Dataset entries Start Marker

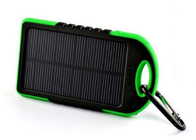 Outdoor Waterproof Solar Power Bank 5000 MAh , Portable Solar Battery Charger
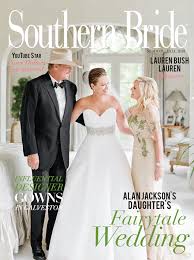 southern bride magazine with a bride and a groom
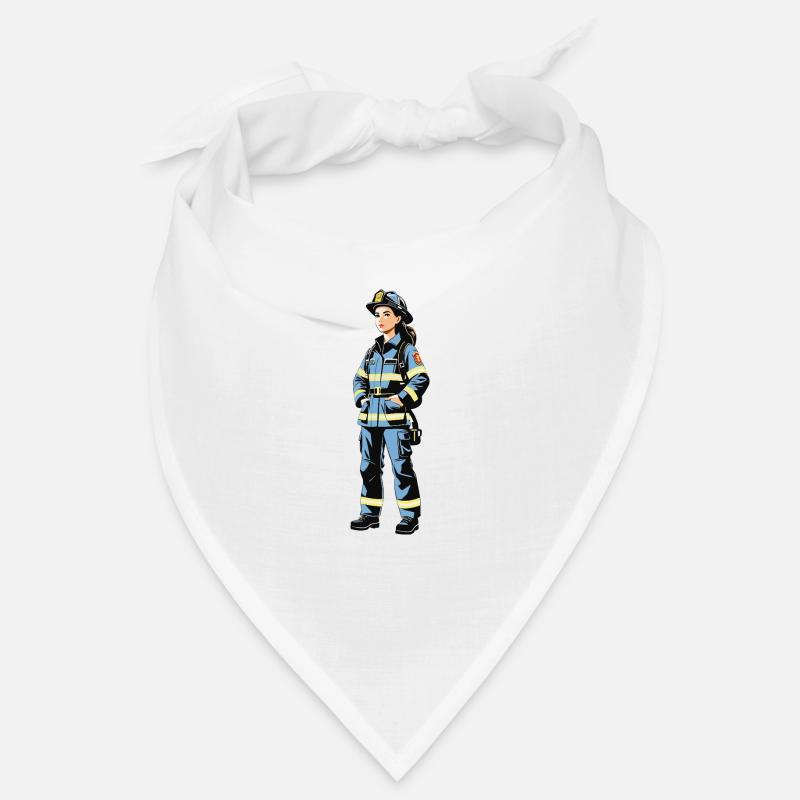 Feuerwehrfrau - Beruf Design Sticker Bandana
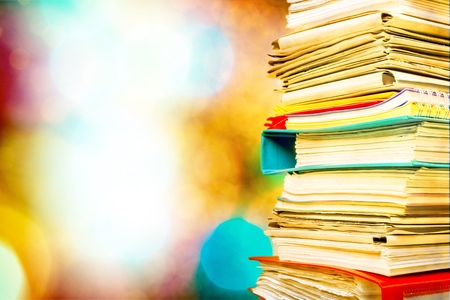 Stack File Folder paperworkの写真素材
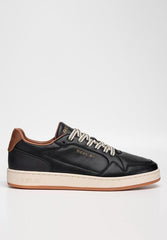 Replay Mens Smash Choice 3 Shoes In Black Cuoio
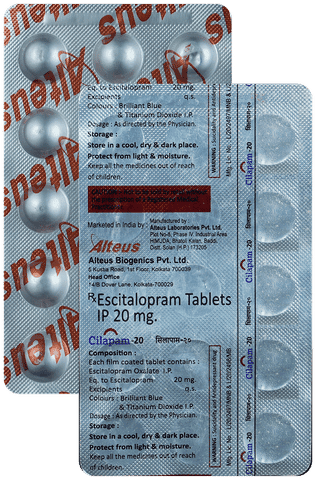 Cilapam 20 Tablet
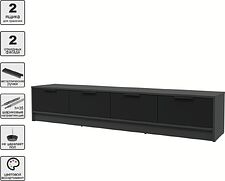 Тумба Интерлиния ТВ Концепт КТ-ТВ4-35 (черный/антрацит)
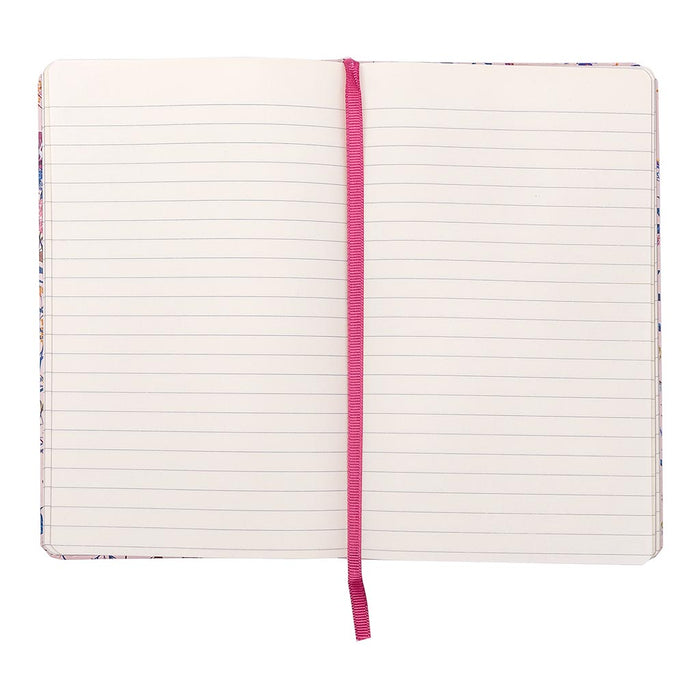 Pukka Bloom Softcover Notebook, 13cm x 21cm, Cream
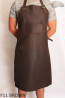 Schutzschürze aus Leder/Metzger/Schweißer/Koch/Grill/Schlosser F11  BROWN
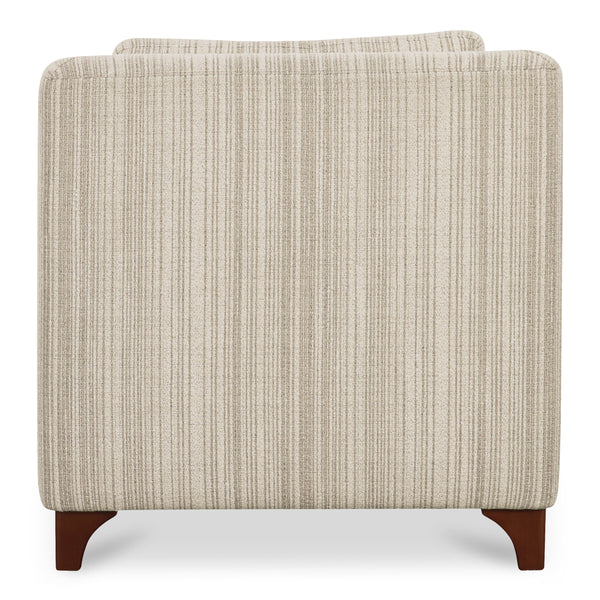 Moe's Hewitt Accent Chair in Beige Stripe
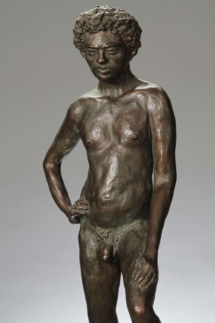 Davidoff (detail) Plaster with bronze patina - 10W x 27H x 10D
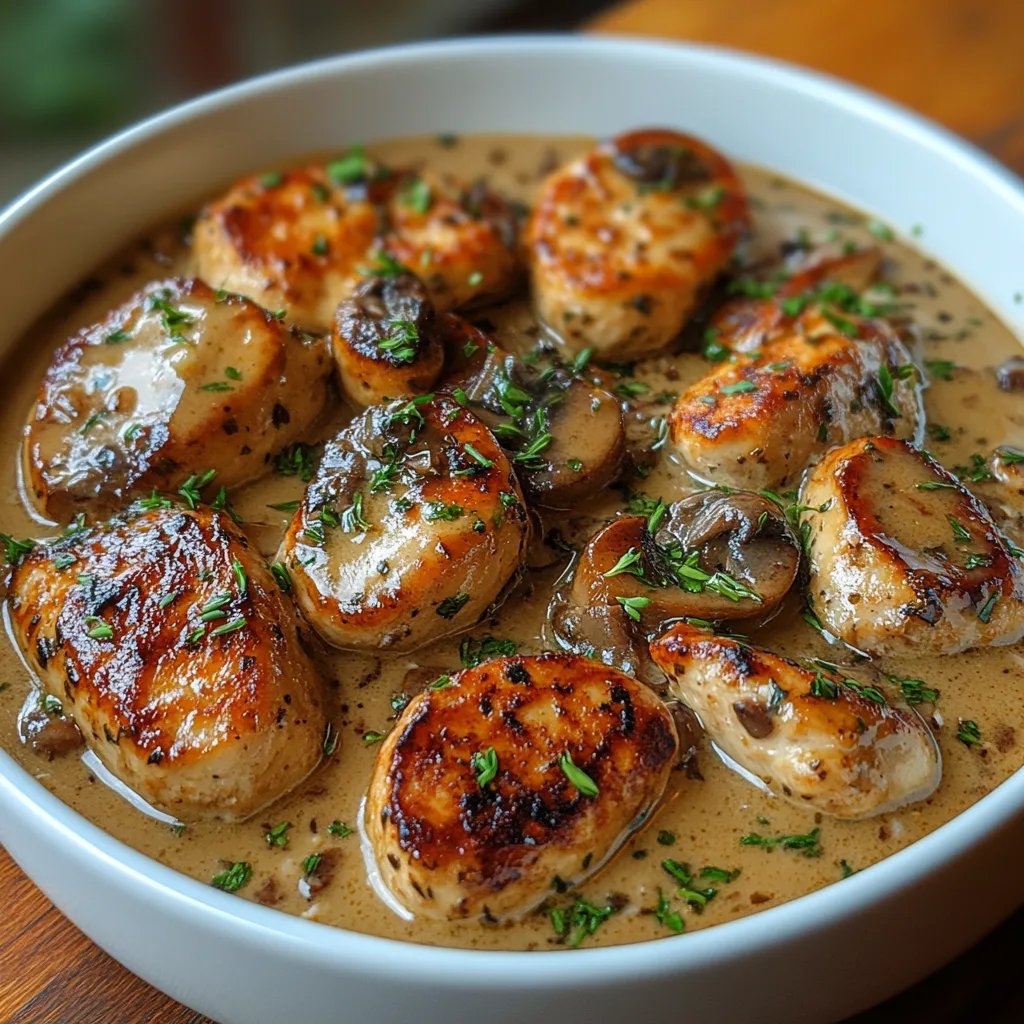 Cremiges Pilzhähnchen: Ein Unglaublich Essenzielles Rezept für 4 Personen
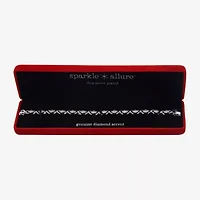 Sparkle Allure Womens Natural Diamond Accent Pure Silver Over Bronze Inch Tennis Bracelet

Dataset entries End Marker

Exercise objective: Please restate the lines above exactly, starting at the first line of the data and stopping at the line containing "Pukka Bloom Softcover", which is included. Omit pictures.

Output for this exercise:
 Outdoor Waterproof Solar Power Bank 5000 MAh , Portable Solar Battery Charger
 southern bride magazine with a bride and a groom
 Feuerwehrfrau - Beruf Design Sticker Bandana
 Stack File Folder paperworkの写真素材
 Replay Mens Smash Choice 3 Shoes In Black Cuoio
 Cilapam 20 Tablet
 Тумба Интерлиния ТВ Концепт КТ-ТВ4-35 (черный/антрацит)
 Pukka Bloom Softcover Notebook, 13cm x 21cm, Cream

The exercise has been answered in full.